The X factor is the extraordinary boom economy of the U.S. in the 1990’s coupled with a decrease in real barriers to entry to foreign manufacturers.  Because the demand has been so great for so long, many foreign companies got spoiled in the 1990’s.  Pre-occupied with meeting this demand, many foreign companies found themselves doing business in the largest open marketplace in the world and in reality not knowing how things got done. Now that the slowdown is upon us, many of these same foreign companies are confused about what to do next. There is increased competition from newcomers who want to reap the same benefits available during the boom. Domestic companies, feeling the pain of the dot.com bloodbath as well as price pressure from some of their multinational corporate clients, are competing very hard. Consumers and corporate buyers alike have taken a step back and profit margins are razor thin.  There is little room for error.

 

Making matters worse and slightly more complicated as well is the fact that most of the rest of the world still heavily relies upon inefficient channels of distribution.  While the U.S. has forged ahead at warp speed in opening its market to the world and finding new and exciting ways of bringing buyers and sellers together using the newest and most advanced technologies, many of its trading partners have stagnated.  Unfortunately, the importer-distributor in the U.S. is an integral part of the inefficient distribution channel because it has a vested interest in maintaining the status quo.

 

Intermediaries usually reinvent themselves several times in their business life in order to accommodate shifts in trends in global business practices.  When the World Wide Web began to rise in prominence in 1995, many pundits predicted that global trading companies would be dead in five years: replaced by the Internet.  Six years later and you cannot go online without being overwhelmed by the number of international trade intermediaries doing business in some part of the world via the Internet.

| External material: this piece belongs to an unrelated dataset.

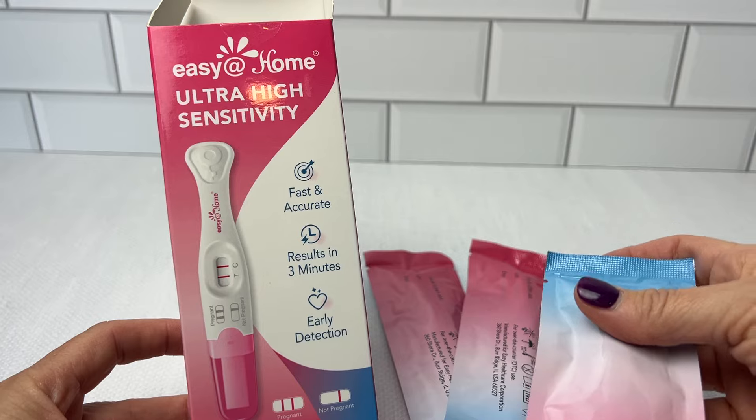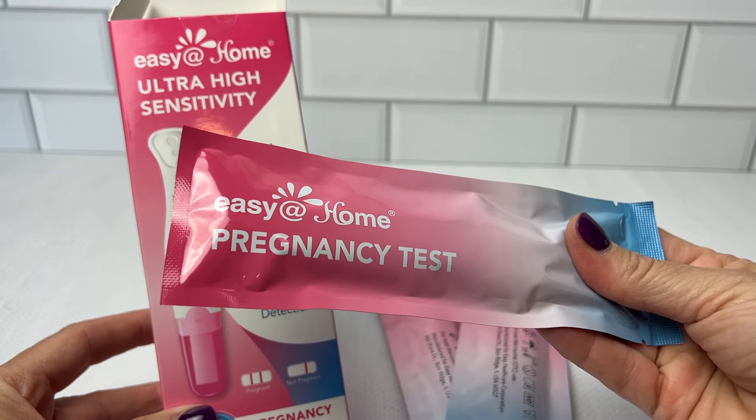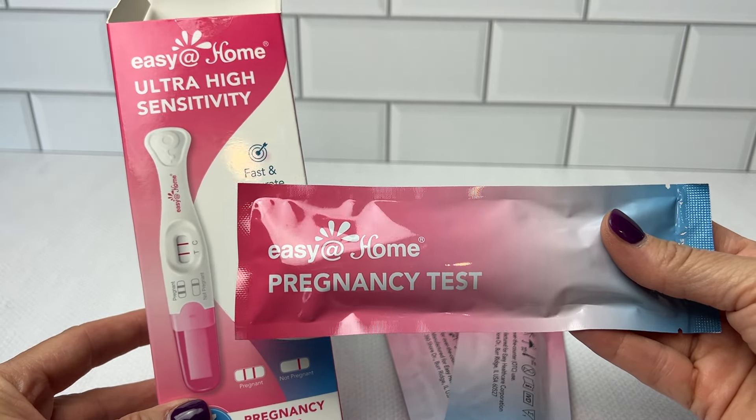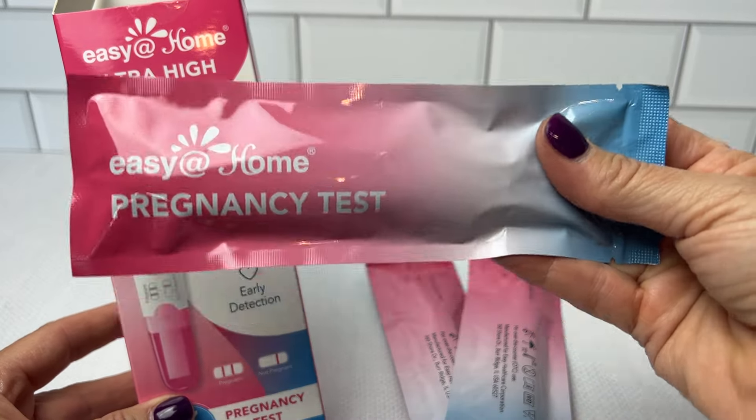I believe that these ultra-high sensitivity pregnancy tests are a must-have for anybody looking for accuracy, ease of use, and affordability in the home testing experience. I highly recommend these.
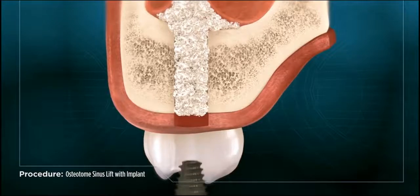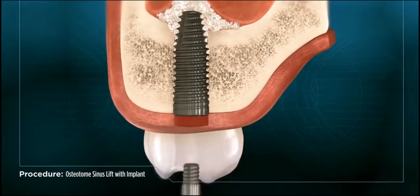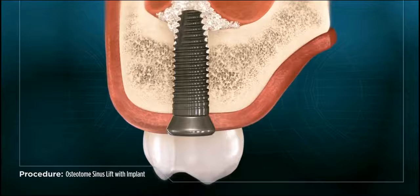Once the bone graft is placed, the implant is placed along with a special healing cap, and the area is allowed to heal.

Fourteen years ago in 1987, the year most observers cite as the rise to prominence of the fax machine, there began two parallel movements in the U.S. and some other industrialized nations: 1) a trend towards the breakup of gigantic global trading companies and 2) an increase in the number of smaller specialized international business intermediaries.  For some 60 years during the 20th century, global trade intermediaries provided a vast array of services to its client constituencies: the manufacturer and the foreign distributor or the manufacturer and the smaller distributors in the case of import.  While many correctly cite these various services as being vital to the growth of international trade, one service above all others stuck out.  Up until the rise of the fax machine and the displacement of the telex in the late 1980’s, the trade intermediary financed a significant portion of international trade not done by the multinational corporations.  That is to say, that intermediaries assumed the risk of doing business on open account and allowed many companies the opportunity to participate in global commerce.  As large global trading companies began to shrink and disappear in the late 1980’s, international business was increasingly done via letter of credit. This was probably the single most important reason why we saw the continued rise of smaller more specialized trade intermediaries who were unwilling and unable to assume risk for import-export transactions.

 

Importer-distributors now find themselves at a crossroads in this new economy.  No longer needed for their financial strength or willingness to assume risk.  No longer needed as a repository of product and service information as well as their ability to train sales people. With mass merchandisers buying directly from the factory and forcing smaller stores out of business, their client base is disappearing. With the economic slowdown upon us, it will be very interesting to see just how they will reinvent themselves this time around.